The research team suggests that this rainwater trickled down into the crust. Such rainwater, the researchers note, could have accumulated underground as it was soaked up by carbonate rock acting as a sponge. When sea levels returned to normal, the underground fresh water was locked in due to seawater pressure.
Lorenzo Lipparini et al, Extensive freshened groundwater resources emplaced during the Messinian sea-level drawdown in southern Sicily, Italy, Communications Earth & Environment (2023). DOI: 10.1038/s43247-023-01077-w
Dec 9, 2023
Dr. Krishna Kumari Challa
Genetic mutations that promote reproduction tend to shorten human lifespan, study shows
A study based on a review of genetic and health information from more than 276,000 people finds strong support for a decades-old evolutionary theory that sought to explain aging and senescence.
In 1957, evolutionary biologist George Williams proposed that genetic mutations that contribute to aging could be favored by natural selection if they are advantageous early in life in promoting earlier reproduction or the production of more offspring.
Now known as the antagonistic pleiotropy theory of aging, remains the prevailing evolutionary explanation of senescence, the process of becoming old or aging.
This theory was tested now.
The researchers found reproduction and lifespan to be genetically strongly negatively correlated, meaning that genetic mutations that promote reproduction tend to shorten lifespan.

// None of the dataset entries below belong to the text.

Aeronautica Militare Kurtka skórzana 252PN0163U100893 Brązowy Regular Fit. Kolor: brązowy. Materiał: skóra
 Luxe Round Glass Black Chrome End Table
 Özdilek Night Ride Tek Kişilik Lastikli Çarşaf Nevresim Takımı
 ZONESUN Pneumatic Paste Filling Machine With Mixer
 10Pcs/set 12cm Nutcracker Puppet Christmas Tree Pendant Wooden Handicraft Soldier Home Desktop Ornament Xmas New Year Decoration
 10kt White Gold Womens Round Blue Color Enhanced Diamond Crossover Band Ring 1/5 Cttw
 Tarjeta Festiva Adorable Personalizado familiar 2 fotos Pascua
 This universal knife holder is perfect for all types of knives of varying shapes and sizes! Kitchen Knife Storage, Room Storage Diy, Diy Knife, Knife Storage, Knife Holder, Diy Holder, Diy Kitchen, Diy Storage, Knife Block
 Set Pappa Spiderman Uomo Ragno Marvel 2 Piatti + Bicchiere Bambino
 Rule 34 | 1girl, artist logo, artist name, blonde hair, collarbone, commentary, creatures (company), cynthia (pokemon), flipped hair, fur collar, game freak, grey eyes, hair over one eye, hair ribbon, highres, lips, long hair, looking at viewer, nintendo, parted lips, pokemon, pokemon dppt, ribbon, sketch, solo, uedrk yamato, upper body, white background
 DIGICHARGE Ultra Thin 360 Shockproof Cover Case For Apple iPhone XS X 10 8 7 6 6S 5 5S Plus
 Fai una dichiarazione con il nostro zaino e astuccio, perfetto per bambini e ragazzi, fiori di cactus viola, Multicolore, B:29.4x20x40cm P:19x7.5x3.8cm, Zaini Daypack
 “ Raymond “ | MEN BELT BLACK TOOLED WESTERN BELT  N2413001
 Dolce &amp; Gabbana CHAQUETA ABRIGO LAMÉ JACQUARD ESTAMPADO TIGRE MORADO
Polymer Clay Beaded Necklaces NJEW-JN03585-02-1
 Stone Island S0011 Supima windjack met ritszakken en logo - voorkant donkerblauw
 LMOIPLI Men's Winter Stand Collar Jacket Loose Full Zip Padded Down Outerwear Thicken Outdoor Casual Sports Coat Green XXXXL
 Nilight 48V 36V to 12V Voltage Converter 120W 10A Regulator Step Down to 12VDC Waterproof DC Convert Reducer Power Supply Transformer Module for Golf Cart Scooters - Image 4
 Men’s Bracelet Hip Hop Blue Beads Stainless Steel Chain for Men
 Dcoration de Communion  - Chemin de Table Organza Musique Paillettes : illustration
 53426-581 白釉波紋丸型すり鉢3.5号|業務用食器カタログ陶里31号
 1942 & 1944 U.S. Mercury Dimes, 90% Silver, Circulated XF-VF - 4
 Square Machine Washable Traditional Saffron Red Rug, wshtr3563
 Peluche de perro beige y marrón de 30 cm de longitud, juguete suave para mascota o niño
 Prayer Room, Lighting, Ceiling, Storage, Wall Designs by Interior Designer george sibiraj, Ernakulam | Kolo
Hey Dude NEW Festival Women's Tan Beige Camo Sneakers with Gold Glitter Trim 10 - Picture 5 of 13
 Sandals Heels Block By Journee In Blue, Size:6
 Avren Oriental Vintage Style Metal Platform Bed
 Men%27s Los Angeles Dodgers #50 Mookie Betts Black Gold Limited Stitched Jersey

In addition, individuals carrying mutations that predispose them to relatively high reproductive rates have lower probabilities of living to age 76 than those carrying mutations that predispose them to relatively low reproductive rates, according to the study.
However, the authors caution that reproduction and lifespan are affected by both genes and the environment. And compared with environmental factors—including the impacts of contraception and abortion on reproduction and medical advances on lifespan—the genetic factors discussed in the study play a relatively minor role, according to the authors. These results provide strong support for the Williams hypothesis that aging arises as a byproduct of natural selection for earlier and more reproduction. Natural selection cares little about how long we live after the completion of reproduction, because our fitness is largely set by the end of reproduction.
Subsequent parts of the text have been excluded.